Question about read aggregation by barcode

Question

Question about read aggregation by barcode

ejohnson643 opened this issue 8 months ago · comments

Hi!

I am attempting to run TRUST4 on a single-cell V(D)J data set and it is running rather slowly, so I was peeking under the hood to see if there were any easy opportunities for parallelization. I noticed that even in the single-cell case, the main call to TRUST4 assembles a full list of reads, roughly annotates them, and then sorts them, but when we have barcodes, don't we want to group them by barcode and then sort and process? I have 250 million reads, so this is quite slow as a serial process, but if I were to split my inputs by barcode and run TRUST4 in parallel on each of them, I shouldn't have an issue, correct?

Basically, is there any sharing of information between reads before they are separated by barcodes that I need to watch for, or can I treat each barcode as a bulk sample and process them that way?

Thanks for any insight!

Eric Johnson · Answer 1 · Sat Nov 18 2023 03:16:16 GMT+0800 (China Standard Time)

For what it's worth, here is my script in case I am doing something dumb with any of the arguments.

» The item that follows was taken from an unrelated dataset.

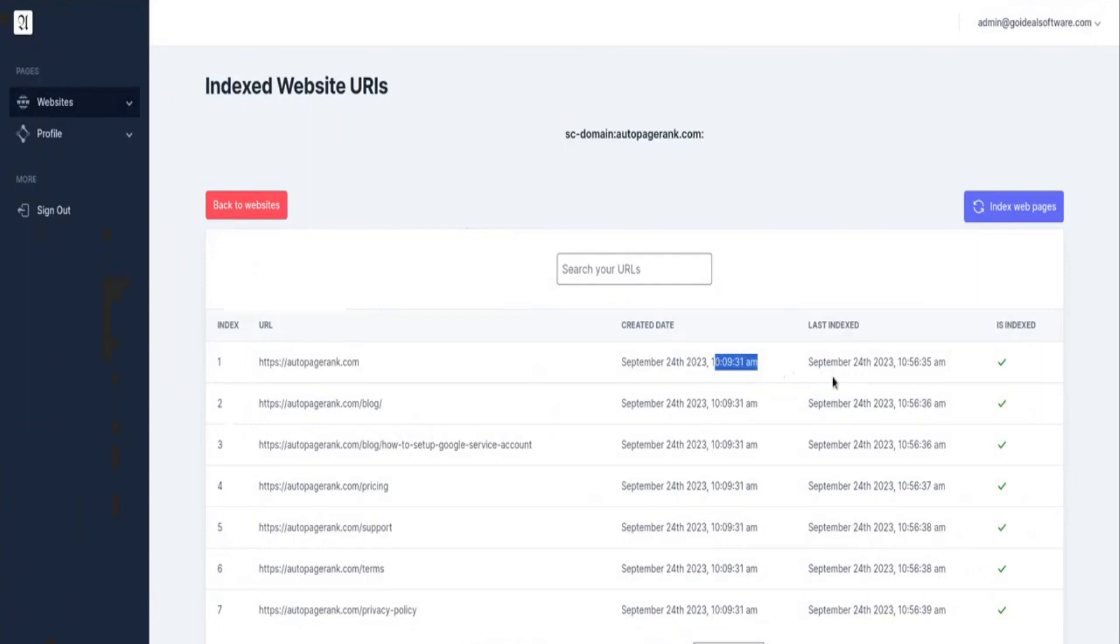As you can see, the index requests were sent at 10:09 a.m. on September 24th, and at 10:56 a.m. on the same day, the web pages officially showed up in Google search and were officially indexed.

I find that the algorithm starts to hang in the phase of TRUST4 where it is reading in and processing the reads.

#!/usr/bin/bash

donor_id="CD001"
exp_id="control_5cancer"

gdTCR_dir="/mnt/data0/TCR_Discovery_Platform/SequencingData/gdTCR"
ref_dir="/mnt/data0/References"

run-trust4 \
    -u $gdTCR_dir/fastqs/merged_${donor_id}_${exp_id}_R2.fastq.gz \
    -f $ref_dir/hg38_bcrtcr.fa \
    --ref $ref_dir/human_IMGT+C.fa \
    -o ${donor_id}_${exp_id} \
    --od $gdTCR_dir/output/TRUST4/${exp_id} \
    -t 24 \
    --barcode $gdTCR_dir/fastqs/merged_${donor_id}_${exp_id}_R1.fastq.gz \
    --barcodeWhitelist $ref_dir/737K-august-2016.txt \
    --UMI $gdTCR_dir/fastqs/merged_${donor_id}_${exp_id}_R1.fastq.gz \
    --readFormat bc:0:15,um:16:-1,r1:0:-1 \
    --outputReadAssignment \
    --stage 1 \

Li Song · Answer 2 · Sat Nov 18 2023 04:13:52 GMT+0800 (China Standard Time)

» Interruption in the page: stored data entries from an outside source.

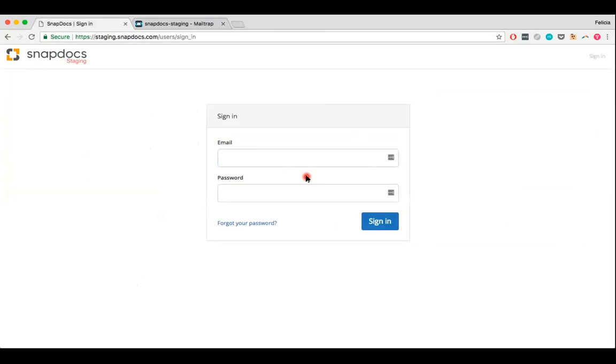If you've forgotten the password to your SnapDocs account, just reset it. To reset your password, go to app.snapdocs.com, then click on the Forgot Your Password link.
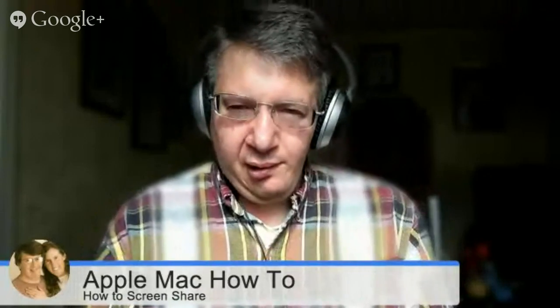Hi there, this is Chase Swift and this is my Apple Mac How To channel. In this video, I'm going to cover how to screen share on a Mac. It's a really great feature, very easy to do, and I love showing it too, so let's get to it.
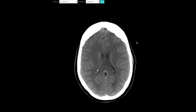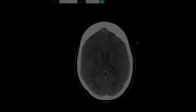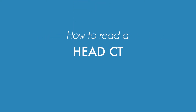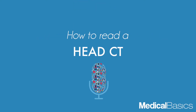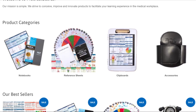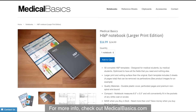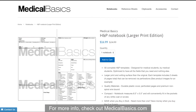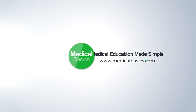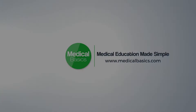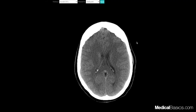In this video, I'm going to be walking through my general approach to reading a head CT. For more educational resources like our HMP notebooks, check out medicalbasics.com. This case was provided by casestacks.com — be sure to check them out for different x-ray, CT, or MRI practice cases.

Yes, that's actually a function I'm planning to work on for a while, but need to find a large block of time to implement that.
For your implementation, I think the proper way is to run fastq-extract first, that will also generate error-corrected barcodes. Then you can split the reads based on barcode bunches, and run "run-trust4" with the option "--noExtraction".

Since your data is VDJ amplified, the "--repseq" option may help with the speed without hacking the multithreading.

Eric Johnson · Answer 3 · Sat Nov 18 2023 04:51:27 GMT+0800 (China Standard Time)

Amazing! Thank you!

It seemed like the sort of next step to take this program, so I'll take a look and see if I can contribute anything as well!

Thanks for the advice on the flags, I'll give them a try.